Michael Pearl is an evangelical Christian pastor, author, and founder of No Greater Joy Ministries in Tennessee who became a point of controversy when his teachings about child training became linked by critics and the media to at least three fatal cases of child abuse. He spoke with The Christian Post recently and discussed what he sees as the difference between "disciplining" and "physical punishment" with one of his critics, Janet Heimlich, a journalist and author of Breaking Their Will: Shedding Light on Religious Child Maltreatment.
- (Photo: The Christian Post)
Pearl and his wife, Debi – both of whom are ministers and authors – penned several books about family life in accordance with Christian faith, based on the Scriptures and their own experiences and understanding of Christianity. One of these books, To Train Up a Child, which recommends strict "training" methods including such that can cause children pain, became the center of a controversy, especially after it was discovered that parents of three children who abused them to death were known to be familiar with the book and the Pearls' teachings. The book was self-published by the ministry in 1994 and sold an estimated 670,000 copies since.

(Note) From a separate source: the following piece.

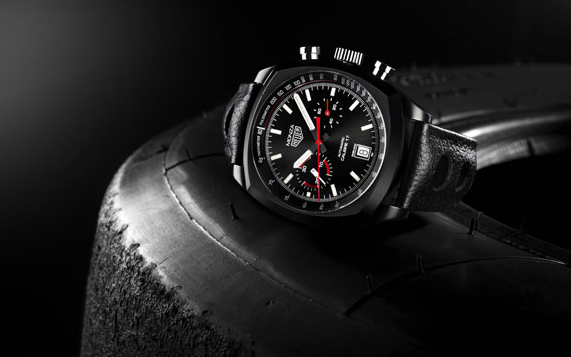 TAG Heuer Monza Replica Watches With Black Titanium Cases Sale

The pastor's support for practicing spanking as a disciplining method, which Pearl claims is "natural" and coherent with the Christian faith, often causes an outcry, even though the Pearls are not the first authors to advocate spanking.

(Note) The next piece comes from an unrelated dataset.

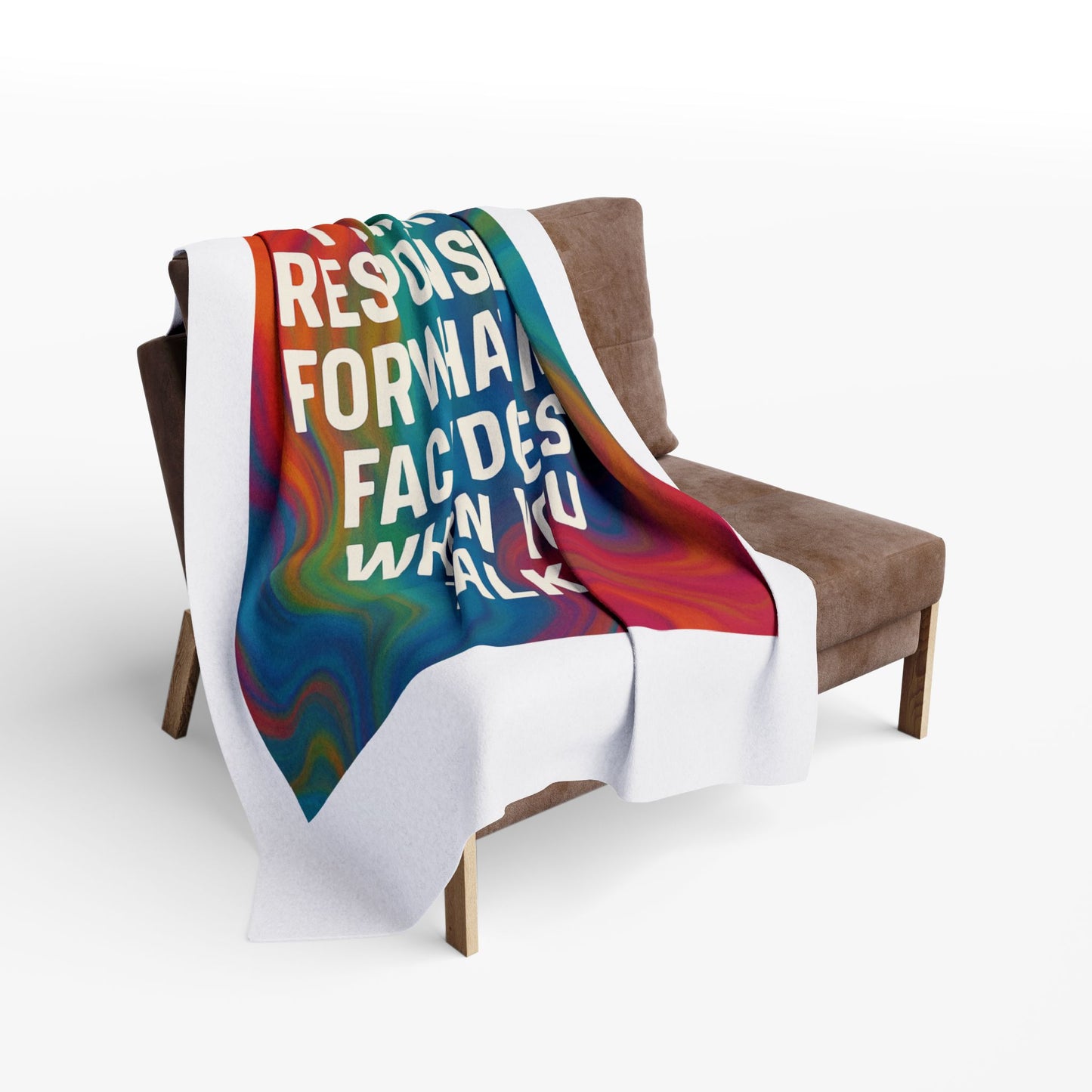 When You Talk Arctic Fleece Blanket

The Pearls also have many defenders, especially among other conservative Christians. Many Christians have been divided on the issue of corporal punishment as outlined in the Bible, with some strongly opposing spanking and other forms of child "discipline," while others having accepted it to be a method supported by the Scriptures.

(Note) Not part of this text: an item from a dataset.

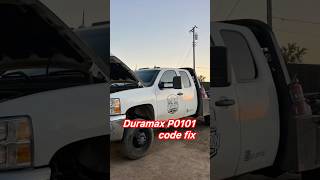 Duramax P0101 code fix automobile mechanic repair diagnostictroublecode troubleshooting [upl. by Oemac944]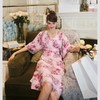 【大货捡漏，不退不换】  【玫瑰风情园】轻奢气质收腰印花连衣裙夏季新款 商品缩略图0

What made the Pearls famous was the exposure their book received in the media after it emerged that it was read by a few parents who ended up killing their children. The book was found to be owned by the parents of Hana Williams and Lydia Schatz, both of whom – as well as their siblings – were routinely spanked with a tool advocated by the Pearls (although Williams died of different causes, not directly related to spanking). Another parent reportedly practicing the Pearls' training methods was Lynn Paddock, mother of Sean Paddock, whom she later killed in 2006 (also not by a method recommended by the Pearls).
After these facts emerged, many media outlets announced Michael and Debi Pearl partially responsible for the children's deaths. Slate called the methods recommended in To Train Up a Child "disturbing." CNN's Anderson Cooper interviewed Pearl at least twice, including on his CNN show and his talk show, in both cases accusing the pastor of bearing partial responsibility for the deaths of the abused children.
Pearl denied in a conversation with The Christian Post that he holds any responsibility for the actions of these parents. He compared himself to a doctor prescribing two aspirins for a baby. If "the mother gives the baby a whole bottle of aspirin, and then Drano on top of that because she's angry and kills the child, you wouldn't blame the doctor who gave the prescription," he told CP. "The doctor was clear, two aspirin and no more. And if that mother becomes very angry and [doesn't apply] the doctor's prescription – In our book, To Train up a Child, we clearly point out that parents should not spank when it doesn't work; they should not spank when they're angry. We point out that they should spank five or ten licks, no more. And we point out that the spanking should be in accordance to the size of the child. We point out they should never leave marks."
"After 17 years [since the book was first published], and over four million parents reading our literature, our book, and additional several million reading other books that we've written, 20 books in all, only two children have been killed," the pastor (who does not acknowledge any relation between his book and the death of Sean Paddock) said. "Out of some eight or 10 thousands of children at that time when our book was present."
To Train Up a Child contains the methods of "traditional child training that parents have done for thousands of years in all cultures and all religions," Pearl argued. "And it's not information primarily derived from the Bible, not at all. My parents trained me up in the way that I trained my children, and my children are now training up their children the same way."
The pastor seemed upset that out of all his teachings, the element of spanking took the front row in public debates, even though, as he told CP, the subject of spanking only constitutes "less than 1 percent" of the materials he wrote.
"The majority of what I have to say in my book about spanking – which is a minority of the information in the book – is warning parents against spanking and anger. It's warning parents to not spank too hard. It's already a given that 90 percent of parents in America practice spanking. So I'm not telling parents to do something they're not already doing," Pearl argued in the interview.
"Spanking is only an option that we have, that we seldom use, but having that option gives authority to our words," he added. "Having that option means that if we have a rebellious child, or if we have a child that's otherwise compliant but one day has a rebellious streak, that child knowing that we have an option to spank gives authority to our words, and helps us to communicate our will to the child and to receive compliance."
Heimlich, Pearl's interlocutor, is one of the critics of spanking as well as some other training methods recommended by the Pearls. In her book, Heimlich questions whether children raised in conservative Protestant households are at risk of physical abuse due to what she claims is that population's proven reliance on spanking.